-- Action item --
Could you set down exactly the lines of the data below, starting at the one that holds "ミディアム カラー ブラウンカラー" and ending at the one that holds "Horizontal Striped Slim", both included, and only those?

*** Available data Section Begins ***

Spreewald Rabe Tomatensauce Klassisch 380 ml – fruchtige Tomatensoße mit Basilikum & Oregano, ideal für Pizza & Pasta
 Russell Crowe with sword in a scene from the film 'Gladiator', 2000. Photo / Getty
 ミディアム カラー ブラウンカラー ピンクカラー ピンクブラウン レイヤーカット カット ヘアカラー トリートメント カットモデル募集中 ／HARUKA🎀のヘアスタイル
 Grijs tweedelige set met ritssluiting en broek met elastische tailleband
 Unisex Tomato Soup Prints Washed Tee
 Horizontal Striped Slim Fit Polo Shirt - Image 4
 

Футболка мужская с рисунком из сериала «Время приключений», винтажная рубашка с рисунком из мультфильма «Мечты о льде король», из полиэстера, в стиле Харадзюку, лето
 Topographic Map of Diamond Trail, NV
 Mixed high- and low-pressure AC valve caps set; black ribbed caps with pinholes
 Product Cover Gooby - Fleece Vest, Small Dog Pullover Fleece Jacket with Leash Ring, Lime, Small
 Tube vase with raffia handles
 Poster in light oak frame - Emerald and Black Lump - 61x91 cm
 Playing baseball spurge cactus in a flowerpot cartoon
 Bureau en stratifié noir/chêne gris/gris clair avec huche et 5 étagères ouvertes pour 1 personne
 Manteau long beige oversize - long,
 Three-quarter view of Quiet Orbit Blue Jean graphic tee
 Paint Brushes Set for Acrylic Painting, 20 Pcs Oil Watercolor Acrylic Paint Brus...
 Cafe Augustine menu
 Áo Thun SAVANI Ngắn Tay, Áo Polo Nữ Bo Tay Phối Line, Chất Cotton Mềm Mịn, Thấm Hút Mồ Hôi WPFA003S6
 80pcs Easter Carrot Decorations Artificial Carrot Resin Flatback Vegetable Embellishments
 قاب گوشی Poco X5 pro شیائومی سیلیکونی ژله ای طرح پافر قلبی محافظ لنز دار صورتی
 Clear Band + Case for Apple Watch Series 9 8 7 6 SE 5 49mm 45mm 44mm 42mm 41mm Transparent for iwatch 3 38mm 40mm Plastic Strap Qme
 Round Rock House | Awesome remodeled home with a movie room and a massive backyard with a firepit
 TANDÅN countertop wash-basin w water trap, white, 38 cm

*** Available data Section Ends ***

-- Result for this exercise --
 ミディアム カラー ブラウンカラー ピンクカラー ピンクブラウン レイヤーカット カット ヘアカラー トリートメント カットモデル募集中 ／HARUKA🎀のヘアスタイル
 Grijs tweedelige set met ritssluiting en broek met elastische tailleband
 Unisex Tomato Soup Prints Washed Tee
 Horizontal Striped Slim Fit Polo Shirt - Image 4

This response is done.